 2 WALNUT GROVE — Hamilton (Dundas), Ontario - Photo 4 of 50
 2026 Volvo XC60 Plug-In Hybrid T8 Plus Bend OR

──────────────────────────────

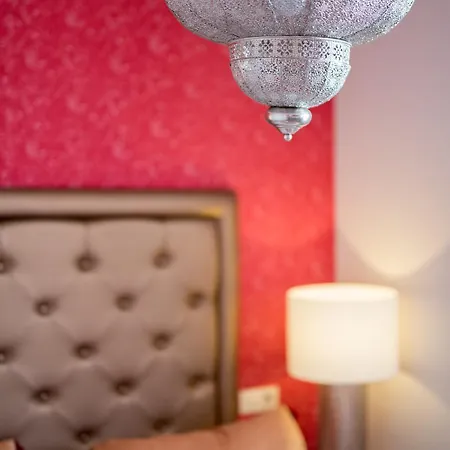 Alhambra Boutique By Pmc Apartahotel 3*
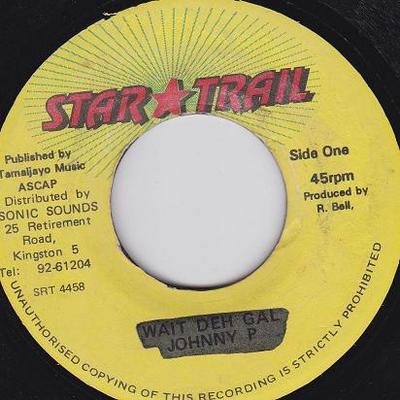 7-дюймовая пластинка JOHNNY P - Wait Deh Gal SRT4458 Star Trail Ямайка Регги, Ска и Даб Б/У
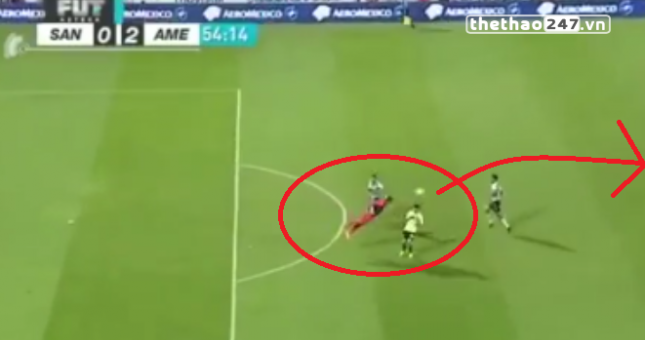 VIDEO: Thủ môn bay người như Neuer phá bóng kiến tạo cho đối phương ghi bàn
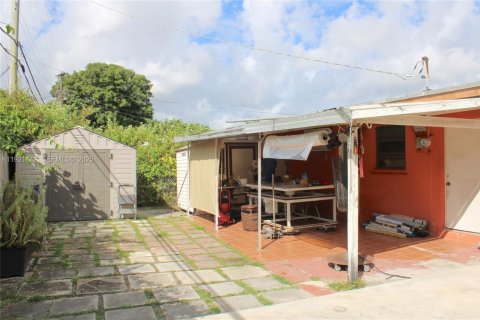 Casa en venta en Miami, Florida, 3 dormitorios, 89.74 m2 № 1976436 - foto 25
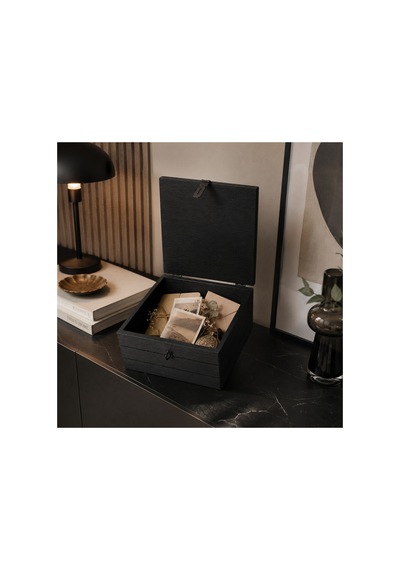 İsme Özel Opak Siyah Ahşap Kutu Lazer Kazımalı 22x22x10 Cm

──────────────────────────────

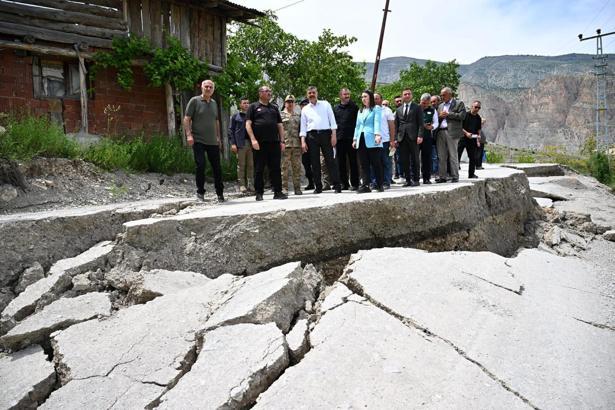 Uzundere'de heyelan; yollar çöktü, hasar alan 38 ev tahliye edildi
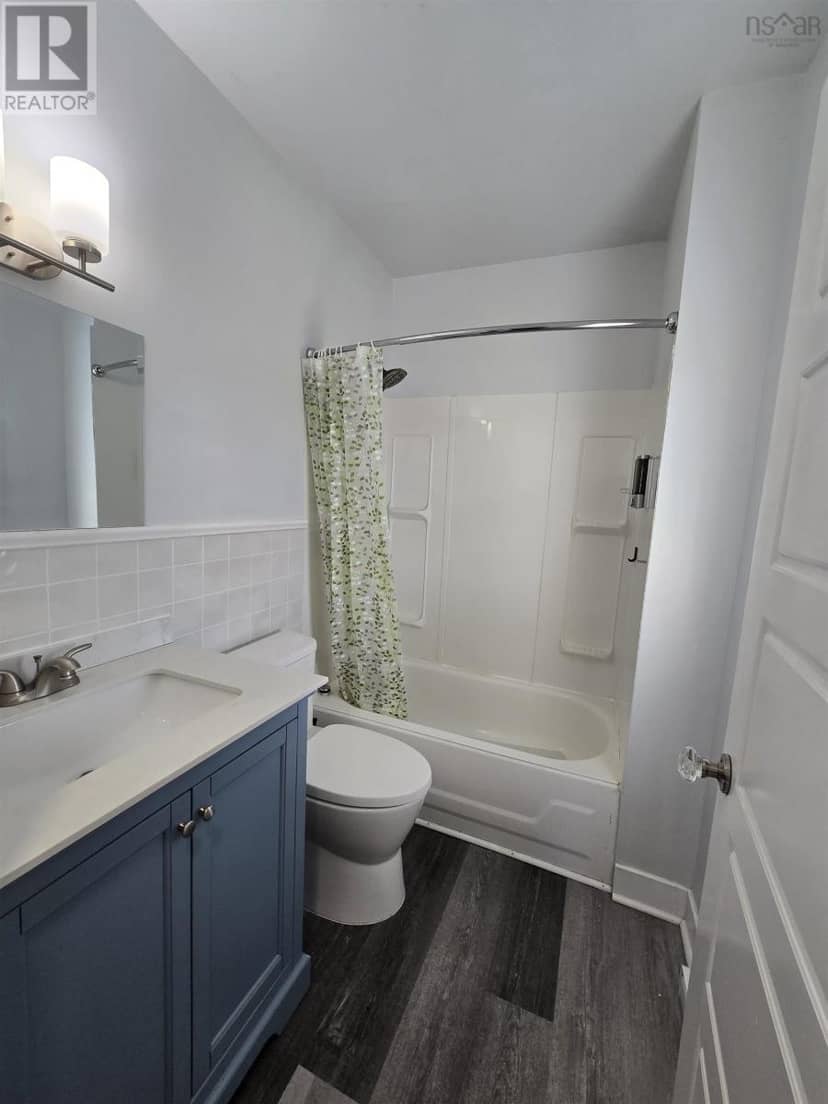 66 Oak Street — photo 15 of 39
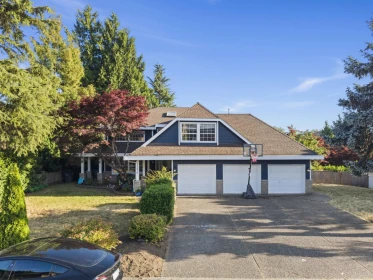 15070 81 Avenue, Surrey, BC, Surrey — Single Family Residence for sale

──────────────────────────────

[ASSIGNED TASK]:
The lines to extract from the data above begin with the line containing "2 WALNUT GROVE" and end with the line containing "2026 Volvo XC60". Extract them exactly, including both.

[ANSWER SPACE]:
 2 WALNUT GROVE — Hamilton (Dundas), Ontario - Photo 4 of 50
 2026 Volvo XC60 Plug-In Hybrid T8 Plus Bend OR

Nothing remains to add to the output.